2006 Philadelphia Annual Meeting (22–25 October 2006)

Paper No. 4
Presentation Time: 8:45 AM

TAPHONOMIC INERTIA TO SHIFTING ECOLOGICAL BASELINES


KIDWELL, Susan M., Department of Geophyscial Sciences, Univ of Chicago, 5734 S. Ellis Avenue, Chicago, IL 60637, skidwell@uchicago.edu

To what extent do death assemblages diverge in composition from living communities not because of genuine post-mortem bias, but because human activities have recently shifted the local living community (LLC) outside the range of natural variability that produced the time-averaged death assemblage (TADA)? The magnitude of such taphonomic inertia – the tendency for death assemblage composition to lag behind changes in the living community -- would depend upon a number of factors. For example, if population sizes or mortality rates of new species are low relative to the quantity and loss rate of dead material already present, and/or the preservation potential of new input is low, then response of the TADA might be very slow. This possibility was first raised by Staff & Powell (1999), and strong evidence for it has now emerged. Meta-analysis of 37 datasets from open shelves, scored using independent evidence for anthropogenic eutrophication (AE = 17 of 30 large datasets) and bottom-trawling (25/30; no power for test), finds no effect from AE on live/dead agreement in richness and evenness, but significantly lower live/dead taxonomic similarity and lower agreement in species rank-order abundance. With increasing AE, live and dead first diverge in composition (more live-only and dead-only species) and then also in species rank-order abundance (dominants in LLC are rare in TADA) (N.B. On natural shelves, median live/dead taxonomic similarity is ~1 and median Spearman rank-order agreement is +0.4, equivalent or better than “live/live” agreement among repeated censuses of the LLC).

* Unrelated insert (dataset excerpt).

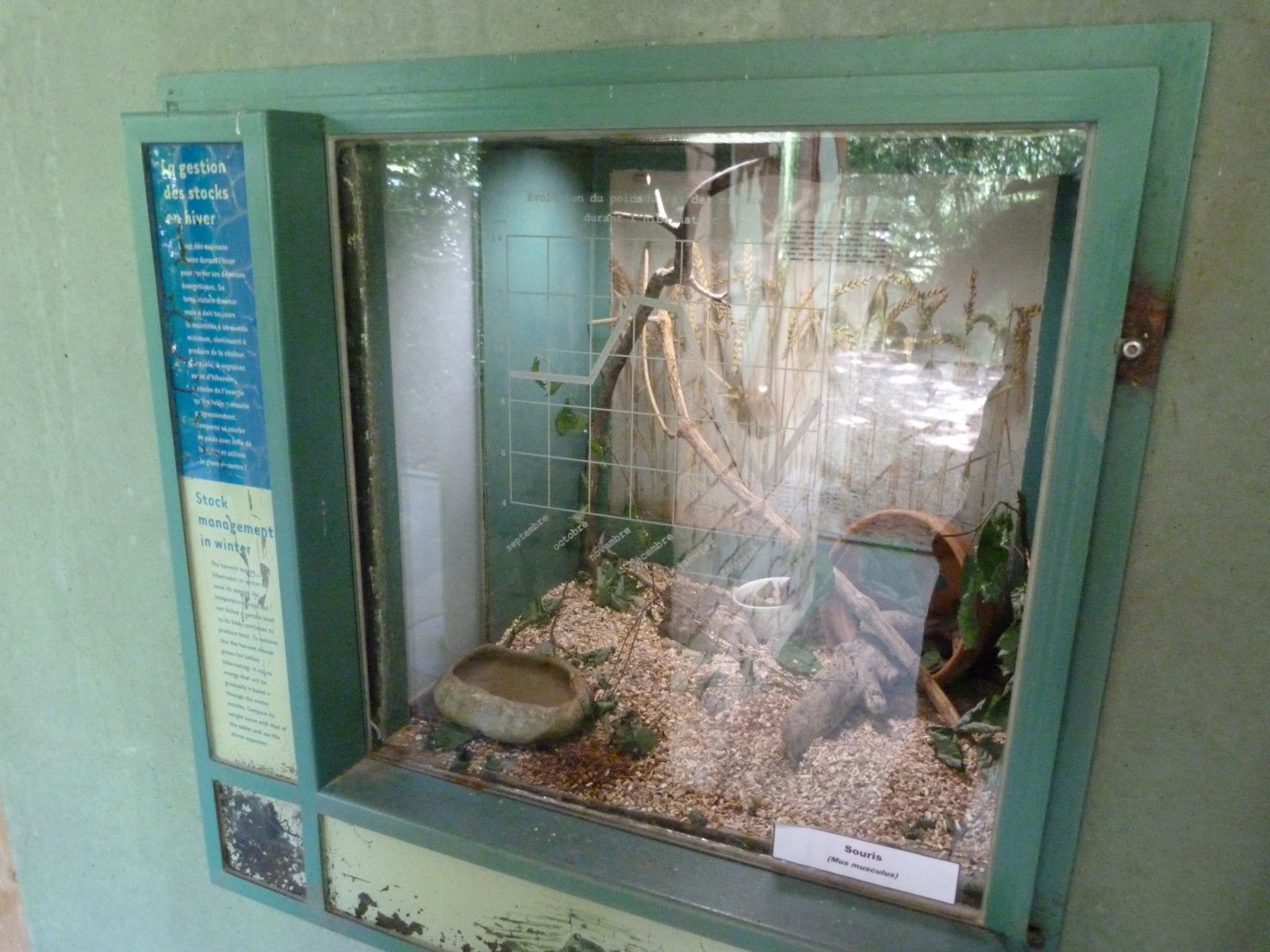 Domestic mouse exhibit -Zoodyssée (2025)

The taphonomic inertia implicit in these differences is probably multi-factorial, including a relatively low preservation potential for AE LLC, which can include many small, nacreous, thin-shelled bivalves. Live/dead analyses in “non-natural” study areas thus do tend to underestimate the actual reliability of death assemblages for paleoecologic interpretation; the positive finding for environmental managers is that modern-day TADA can preserve useful portraits of pre-impact conditions. More precise information is needed on the timing and magnitude of anthropogenic impacts in study areas, along with information on shell ages in local TADA, but the results here suggest that TADA can resist resetting by AE LLC for several decades at least.